Drugi dzień przyjaźni z Ana :3
Czuję wstręt do jedzenia. Zjadłam dzisiaj makreli troche, kromke chleba i naleśniki. Dużo wody, 3 kawy 4 herbaty, oczywiście bez cukru. Byłam u cioci.. wmusiła we mnie "grześka" czekoladowego, piłam herbate i tego grześka jadłam jakoś 45 minut, może dłużej. Jak wróciłam do domu szybko do łazienki.... większość jedzenia wylądowała w toalecie... zaraz ćwiczonka :3 jestem z siebie dumna, lecz nadal nie mam odwagi by wejść na wage... ;c
Zrzucić parę kilo chciała.
To był jej cel w życiu.

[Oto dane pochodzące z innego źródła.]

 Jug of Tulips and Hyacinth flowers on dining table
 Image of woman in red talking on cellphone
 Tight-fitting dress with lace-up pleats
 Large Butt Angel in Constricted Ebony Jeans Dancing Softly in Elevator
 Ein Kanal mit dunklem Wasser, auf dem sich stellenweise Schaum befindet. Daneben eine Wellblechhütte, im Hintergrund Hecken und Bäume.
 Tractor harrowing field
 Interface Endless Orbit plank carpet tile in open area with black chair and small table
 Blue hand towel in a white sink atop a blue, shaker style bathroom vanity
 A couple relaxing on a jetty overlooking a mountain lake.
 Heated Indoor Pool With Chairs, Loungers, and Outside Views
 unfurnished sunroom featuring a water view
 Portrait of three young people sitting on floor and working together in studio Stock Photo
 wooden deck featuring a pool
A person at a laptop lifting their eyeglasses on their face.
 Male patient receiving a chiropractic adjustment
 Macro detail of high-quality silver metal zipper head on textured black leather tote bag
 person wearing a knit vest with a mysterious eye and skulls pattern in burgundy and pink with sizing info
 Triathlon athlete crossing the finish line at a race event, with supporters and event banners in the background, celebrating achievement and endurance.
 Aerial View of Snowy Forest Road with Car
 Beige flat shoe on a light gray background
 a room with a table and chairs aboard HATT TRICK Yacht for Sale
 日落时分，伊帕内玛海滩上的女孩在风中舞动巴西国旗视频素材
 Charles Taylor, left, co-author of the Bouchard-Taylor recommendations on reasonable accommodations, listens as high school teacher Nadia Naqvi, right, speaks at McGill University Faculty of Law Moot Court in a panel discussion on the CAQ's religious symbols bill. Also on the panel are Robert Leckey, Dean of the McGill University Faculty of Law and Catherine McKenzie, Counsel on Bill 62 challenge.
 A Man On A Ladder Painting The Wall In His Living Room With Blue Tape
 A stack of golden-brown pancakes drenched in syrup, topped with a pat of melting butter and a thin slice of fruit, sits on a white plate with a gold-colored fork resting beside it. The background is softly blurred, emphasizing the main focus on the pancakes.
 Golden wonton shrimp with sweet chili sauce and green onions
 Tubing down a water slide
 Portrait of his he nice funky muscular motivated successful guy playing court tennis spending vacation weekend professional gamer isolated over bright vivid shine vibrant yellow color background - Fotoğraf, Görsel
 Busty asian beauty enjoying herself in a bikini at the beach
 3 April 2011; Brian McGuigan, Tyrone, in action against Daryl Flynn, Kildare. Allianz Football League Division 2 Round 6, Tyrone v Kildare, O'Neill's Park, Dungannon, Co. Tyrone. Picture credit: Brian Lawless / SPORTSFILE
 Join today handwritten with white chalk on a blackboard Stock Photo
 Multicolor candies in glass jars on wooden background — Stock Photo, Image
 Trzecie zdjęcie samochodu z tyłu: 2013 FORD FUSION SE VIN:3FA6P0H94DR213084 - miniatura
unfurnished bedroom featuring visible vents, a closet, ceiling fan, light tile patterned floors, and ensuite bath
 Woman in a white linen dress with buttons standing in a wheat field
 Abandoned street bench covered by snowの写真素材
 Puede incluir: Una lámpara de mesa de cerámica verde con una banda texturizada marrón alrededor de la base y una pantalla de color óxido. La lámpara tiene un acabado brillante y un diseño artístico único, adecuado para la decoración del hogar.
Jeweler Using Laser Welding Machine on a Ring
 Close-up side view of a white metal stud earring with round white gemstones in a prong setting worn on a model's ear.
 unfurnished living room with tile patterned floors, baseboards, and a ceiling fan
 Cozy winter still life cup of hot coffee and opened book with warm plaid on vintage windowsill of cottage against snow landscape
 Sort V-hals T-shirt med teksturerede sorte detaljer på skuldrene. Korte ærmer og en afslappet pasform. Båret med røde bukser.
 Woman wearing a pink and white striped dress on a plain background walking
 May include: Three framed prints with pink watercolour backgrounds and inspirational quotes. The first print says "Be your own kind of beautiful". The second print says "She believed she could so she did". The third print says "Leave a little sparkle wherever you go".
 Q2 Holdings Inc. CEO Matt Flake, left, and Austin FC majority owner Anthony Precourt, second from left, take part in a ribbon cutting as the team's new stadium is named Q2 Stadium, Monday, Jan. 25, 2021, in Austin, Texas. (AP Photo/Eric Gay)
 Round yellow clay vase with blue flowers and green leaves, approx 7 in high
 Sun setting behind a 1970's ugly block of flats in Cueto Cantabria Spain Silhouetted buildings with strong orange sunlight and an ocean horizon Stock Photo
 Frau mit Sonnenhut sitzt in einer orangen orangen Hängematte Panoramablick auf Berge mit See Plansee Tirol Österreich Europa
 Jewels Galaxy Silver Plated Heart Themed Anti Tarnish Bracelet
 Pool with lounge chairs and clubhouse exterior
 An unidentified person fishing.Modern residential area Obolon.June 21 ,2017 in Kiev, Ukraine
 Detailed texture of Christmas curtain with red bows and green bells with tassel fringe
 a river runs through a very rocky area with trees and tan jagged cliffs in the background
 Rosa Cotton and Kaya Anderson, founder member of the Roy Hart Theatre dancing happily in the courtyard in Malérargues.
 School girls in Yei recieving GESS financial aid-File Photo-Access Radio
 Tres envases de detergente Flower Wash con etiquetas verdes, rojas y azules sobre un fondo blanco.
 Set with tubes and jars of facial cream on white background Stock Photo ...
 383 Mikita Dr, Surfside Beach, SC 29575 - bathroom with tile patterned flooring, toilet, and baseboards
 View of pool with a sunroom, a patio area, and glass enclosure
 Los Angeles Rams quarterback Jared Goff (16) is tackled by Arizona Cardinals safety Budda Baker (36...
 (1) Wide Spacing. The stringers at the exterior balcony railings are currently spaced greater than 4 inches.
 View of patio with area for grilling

Tak myślała.
Koleżanka ją namówiła.
A ona to zrobiła.
Dieta pięciodniowa.
Taka warzywno - owocowa.
Mineralka jedynie.
Potem głodówek miesiące.
chociaż już wiedziała
że
jest chora
nie potrafiła jej pokonać
rzuciła ją perfidnie na kolana
psychika na tysiące
kawałków została roztrzaskana
"Quod me nutrit me destruit"
- co mnie żywi niszczy mnie
Jest coraz większa, a mnie jest coraz mniej.
Rośnie w siłę, gdy ja uchodzę w cień.
Zabiera każdy oddech, żyć nie pozwala mi.
Lecz cząstka człowieczeństwa wciąż się we mnie tli.
Jest coraz większa, a mnie jest coraz mniej.
Rośnie w siłę, gdy ja uchodzę w cień.
Zabiera każdy oddech, żyć nie pozwala mi.
Lecz cząstka człowieczeństwa wciąż się we mnie tli.

Pytasz się mnie czy nadal jestem tam.
Musisz zrozumieć, że jesteś teraz sam.
Dawno odeszłam, ona mnie porwała.
Całe szczęście na zawsze mi odebrała.